Exercise data

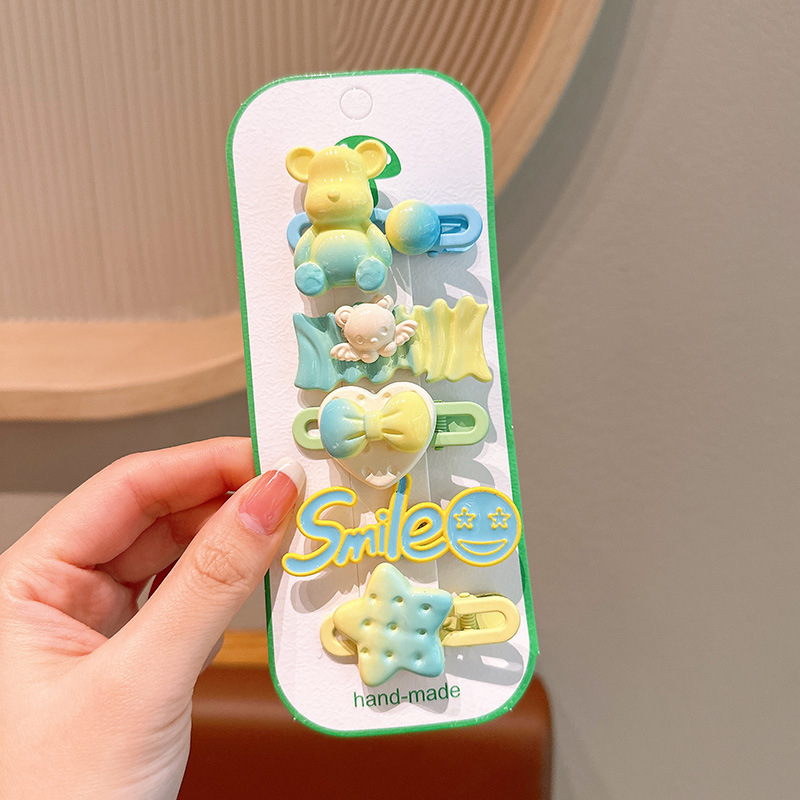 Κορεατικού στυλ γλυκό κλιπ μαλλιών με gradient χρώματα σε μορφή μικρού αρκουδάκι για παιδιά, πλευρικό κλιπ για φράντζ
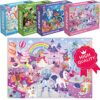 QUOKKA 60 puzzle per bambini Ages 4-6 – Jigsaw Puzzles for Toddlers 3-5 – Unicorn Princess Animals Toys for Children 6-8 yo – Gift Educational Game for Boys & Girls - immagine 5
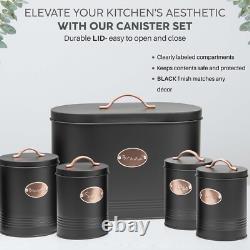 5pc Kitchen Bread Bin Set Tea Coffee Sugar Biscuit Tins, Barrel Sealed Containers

...

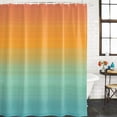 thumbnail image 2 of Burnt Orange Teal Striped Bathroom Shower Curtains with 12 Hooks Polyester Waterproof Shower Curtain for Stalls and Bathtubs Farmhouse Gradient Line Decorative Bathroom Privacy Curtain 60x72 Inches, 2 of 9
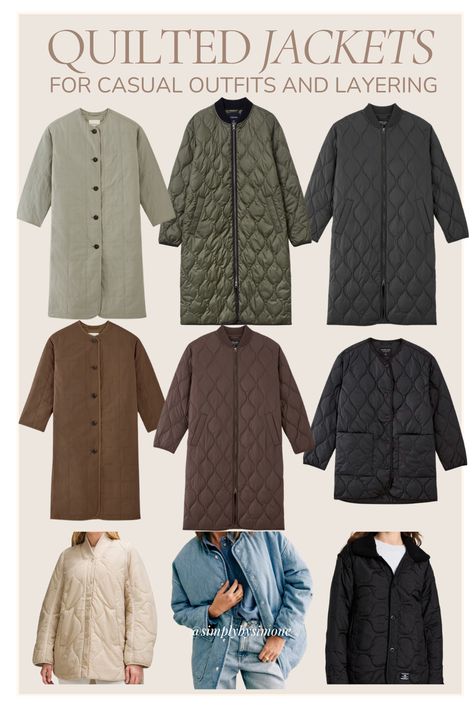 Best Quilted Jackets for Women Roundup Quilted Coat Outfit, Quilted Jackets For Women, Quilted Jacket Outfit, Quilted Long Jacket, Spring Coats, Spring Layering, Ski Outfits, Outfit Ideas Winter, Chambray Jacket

Your objective
Go back to the listing above and reproduce, exactly, the stretch from the line bearing "Κορεατικού στυλ γλυκό" through the line bearing "5pc Kitchen Bread", without its pictures.

Expected answer
 Κορεατικού στυλ γλυκό κλιπ μαλλιών με gradient χρώματα σε μορφή μικρού αρκουδάκι για παιδιά, πλευρικό κλιπ για φράντζ
 QUOKKA 60 puzzle per bambini Ages 4-6 – Jigsaw Puzzles for Toddlers 3-5 – Unicorn Princess Animals Toys for Children 6-8 yo – Gift Educational Game for Boys & Girls - immagine 5
 5pc Kitchen Bread Bin Set Tea Coffee Sugar Biscuit Tins, Barrel Sealed Containers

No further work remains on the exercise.